La terapia física y la rehabilitación vascular contribuyen al bienestar del paciente.
Beneficios:
MEJORA EL FLUJO SANGUÍNEO A través de ejercicios específicos y la terapia física procuramos ayudar a mejorar la circulación sanguínea especialmente en áreas afectadas por enfermedades vasculares. Esto es crucial en pacientes con enfermedad arterial periférica y otras afecciones vasculares.
GESTIÓN DEL DOLOR Por medio de la terapia física se puede aliviar el dolor y la incomodidad asociados a enfermedades vasculares. Esto incluye el manejo de claudicación intermitente que es un síntoma común de la enfermedad arterial periférica.
PREVENCIÓN Y TRATAMIENTO DE ÚLCERAS En el caso de pacientes con insuficiencia venosa crónica o diabetes, la terapia física puede desempeñar un papel importante en la prevención y tratamiento de úlceras en piernas y pies.
EJERCICIOS Y ACTIVIDAD FÍSICA Nuestro programa de rehabilitación vascular incluye un régimen de ejercicios diseñados para fortalecer los músculos, mejorar la resistencia y promover la salud general.
EDUCACIÓN Y AUTOCUIDADO Un aspecto vital de la rehabilitación vascular es educar al paciente sobre cómo manejar su condición. Esto incluye enseñarle técnicas de autocuidado como tratamiento y cuidado de la piel y los pies así como también proporcionamos orientación sobre modificaciones en hábitos y estilo de vida.
APOYO EN LA ADAPTACIÓN AL ESTILO DE VIDA La terapia física y rehabilitación vascular ayudan al paciente a adaptarse a los cambios necesarios para manejar su enfermedad. Esto incluye nuestro asesoramiento sobre nutrición, control de peso y abandono del tabaquismo.
MEJORA DE LA FUNCIONALIDAD Y MOVILIDAD Al mejorar la fuerza y la resistencia muscular, los pacientes pueden experimentar un aumento en su capacidad para realizar actividades diarias, lo que mejora su calidad de vida.

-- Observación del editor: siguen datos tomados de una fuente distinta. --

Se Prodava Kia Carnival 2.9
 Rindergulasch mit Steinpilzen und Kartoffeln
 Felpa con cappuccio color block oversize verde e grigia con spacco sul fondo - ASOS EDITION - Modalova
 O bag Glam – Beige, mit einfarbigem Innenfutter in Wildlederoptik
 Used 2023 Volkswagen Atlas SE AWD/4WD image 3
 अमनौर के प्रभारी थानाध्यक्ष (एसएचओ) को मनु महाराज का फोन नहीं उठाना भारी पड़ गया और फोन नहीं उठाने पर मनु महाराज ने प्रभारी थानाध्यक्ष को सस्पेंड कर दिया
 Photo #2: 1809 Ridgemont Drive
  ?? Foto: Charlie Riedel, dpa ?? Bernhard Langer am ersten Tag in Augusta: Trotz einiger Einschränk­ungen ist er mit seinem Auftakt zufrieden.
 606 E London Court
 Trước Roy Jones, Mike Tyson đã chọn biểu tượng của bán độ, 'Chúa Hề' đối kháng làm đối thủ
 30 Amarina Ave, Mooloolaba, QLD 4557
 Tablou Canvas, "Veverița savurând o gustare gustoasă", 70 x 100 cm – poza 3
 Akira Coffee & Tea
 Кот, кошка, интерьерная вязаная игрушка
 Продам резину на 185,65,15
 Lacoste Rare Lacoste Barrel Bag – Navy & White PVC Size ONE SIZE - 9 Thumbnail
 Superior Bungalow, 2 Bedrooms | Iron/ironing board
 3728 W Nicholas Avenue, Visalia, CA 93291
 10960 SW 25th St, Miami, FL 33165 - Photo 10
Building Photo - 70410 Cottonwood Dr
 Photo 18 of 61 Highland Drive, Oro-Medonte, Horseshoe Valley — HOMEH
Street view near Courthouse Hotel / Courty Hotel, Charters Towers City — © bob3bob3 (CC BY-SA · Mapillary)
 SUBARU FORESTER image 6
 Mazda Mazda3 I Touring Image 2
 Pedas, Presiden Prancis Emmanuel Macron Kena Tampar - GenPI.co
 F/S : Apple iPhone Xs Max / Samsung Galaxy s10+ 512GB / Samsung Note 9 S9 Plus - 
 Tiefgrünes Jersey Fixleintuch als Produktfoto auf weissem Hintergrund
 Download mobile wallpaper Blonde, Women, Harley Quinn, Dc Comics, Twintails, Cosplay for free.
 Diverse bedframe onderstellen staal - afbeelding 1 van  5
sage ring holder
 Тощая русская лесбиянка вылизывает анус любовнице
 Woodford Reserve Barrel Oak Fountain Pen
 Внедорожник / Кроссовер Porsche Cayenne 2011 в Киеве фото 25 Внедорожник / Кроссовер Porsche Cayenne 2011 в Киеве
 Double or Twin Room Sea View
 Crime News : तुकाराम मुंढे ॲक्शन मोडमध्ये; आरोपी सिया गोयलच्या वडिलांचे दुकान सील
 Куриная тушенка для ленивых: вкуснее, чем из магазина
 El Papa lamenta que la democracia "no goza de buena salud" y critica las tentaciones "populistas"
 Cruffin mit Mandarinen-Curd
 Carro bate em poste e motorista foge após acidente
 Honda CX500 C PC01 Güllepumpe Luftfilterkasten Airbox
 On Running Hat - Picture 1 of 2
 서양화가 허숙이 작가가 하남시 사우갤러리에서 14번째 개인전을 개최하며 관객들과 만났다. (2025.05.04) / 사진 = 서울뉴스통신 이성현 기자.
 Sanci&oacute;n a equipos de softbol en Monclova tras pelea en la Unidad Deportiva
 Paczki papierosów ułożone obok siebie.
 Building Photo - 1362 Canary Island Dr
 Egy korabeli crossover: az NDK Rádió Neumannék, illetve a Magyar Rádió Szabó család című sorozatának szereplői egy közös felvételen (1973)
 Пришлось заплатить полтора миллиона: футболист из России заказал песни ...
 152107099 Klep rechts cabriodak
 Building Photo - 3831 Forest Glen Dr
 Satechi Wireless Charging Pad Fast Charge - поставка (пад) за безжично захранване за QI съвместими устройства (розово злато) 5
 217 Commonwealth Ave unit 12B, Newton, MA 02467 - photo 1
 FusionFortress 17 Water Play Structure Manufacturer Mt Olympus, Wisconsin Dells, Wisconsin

ESTRATEGIAS PERSONALIZADAS Nuestras terapias son personalizadas para así abordar las necesidades específicas de cada paciente, consideramos su condición de salud, nivel de actividad y metas personales.
La combinación de terapia física y rehabilitación vascular es escencial para el tratamiento efectivo de pacientes con enfermedades vasculares, la cual no solo mejora la salud física y la circulación, si no que también aborda aspectos psicológicos, educativos y de estilo de vida proporcionando un enfoque holístico y personalizado que mejorará considerablemente la calidad de vida del paciente.